Insurance seemed like betting against your death or misfortune and some people don’t want to bet on your personal downfall so they don’t want to buy insurance. For years, the industry have been trying to change the story and they settled on the idea of protection, financial protection against those misfortune.
In principle, that works theoretically but the issue is that a lot of what you pay for is sales and distribution. The structure of the industry is such because insurance works well only when the risks are being pooled. That means having lots of people paying the premiums in order to support payouts during adverse events. As a business though, it means that the firm is ultimately a sales and marketing organisation. Costs will have to weigh disproportionately on the distribution side of the business.
This is a shame because the society needs insurance. Yet it is a market failure; the market system allocates resources poorly in this market. It can be better designed through a mix of regulation and making it mandatory to have certain amount of cover. The government should not think the market will help reduce cost of insurance through competition because the basis of competition in this market isn’t so much pricing. It is more sales, marketing and tactics.

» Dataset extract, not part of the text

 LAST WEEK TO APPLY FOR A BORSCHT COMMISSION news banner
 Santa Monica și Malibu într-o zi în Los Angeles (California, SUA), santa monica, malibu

But isn’t it just like many other products? For luxury products, yes. Basically for things people don’t actually need, you can allow the whims and fancies to be shaped by the market. But when it comes to insurance, you want the market to deliver an outcome so you need to design the boundaries and structure to make it work.
The story of insurance should be that of mandates, regulation, and basic necessity and right of people. We come together to live in highly urbanised environment and it should be a no brainer for us to risk-pool and mutually insure. There’s no excuse for this market to be hijacked to support high-flying salespeople.